I find this to be untrue and intellectual dishonest on a number of fronts.  a rather obvious one is atheism or “scientism” as reflecting and extending capitalism.  schwat?!?  maybe insofar as each thrives on a marketplace of competing ideas, but otherwise I think it can easily be rejected out of hand, or especially on historical grounds.  most progressive socialist (and even anarchist) thinkers in the Western world were quite the atheists.  but even if you select a few individual examples, the comparison doesn’t really make any sense and probably is playing off the current global woes of capitalism.

most troubling, however, is the criticism of “faith in the power of unaided reason” or contentless progress and the valuelessness of a secularist/naturalistic/”scientist” outlook.  as if the history of most religious traditions–especially the one Eagleton winds up defending!–have a respectable record of leading social change.  Fish (and maybe Eagleton) also criticizes these outlooks as being superficial and tending to the perpetuation of the status quo–something that is patently false.

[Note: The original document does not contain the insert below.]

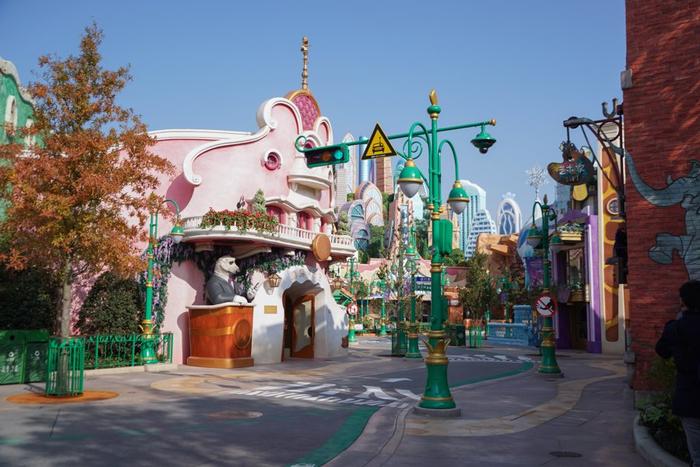 视频探营上海迪士尼乐园新园区：对电影《疯狂动物城》的完美复刻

it is quite baffling that someone would want to criticize nonreligious “candidates for guidance” that have often done a far better job in promoting social change in the last century plus for perpetuating the status quo while criticizing their “unaided reason” while ignoring the fact those religious traditions most often opposed so many of the changes in society we now all consider to be essential.  so what has been the “aided reason” of these traditions?  why have they failed spectacularly in the last few centuries?  and how dare they try to usurp the progress made at the expense of those traditions and despite their best efforts and then claim that other “candidates” are valueless and hubristic?

as I posted in the facebook exchange, what I most want is more brutal honesty about all these “candidates” and a critical look at their track records and what they have to say about and contribute to the world today, with a willigness on everyone’s part to disregard what we find disagreeable and preserve what is best.  but I cannot understand how a religious person and adherent of a particular tradition–esp. Christianity–could enage in this activity without being devastated by that track record.  and as much as I don’t want to throw myself headlong into the current religion vs. science and religion/atheism debates today, I really cannot stomach intellectual dishonesty of this sort and efforts to repackage what was won at the expense of a religion as part and parcel of that tradition and as a weapon for winning some new cultural war.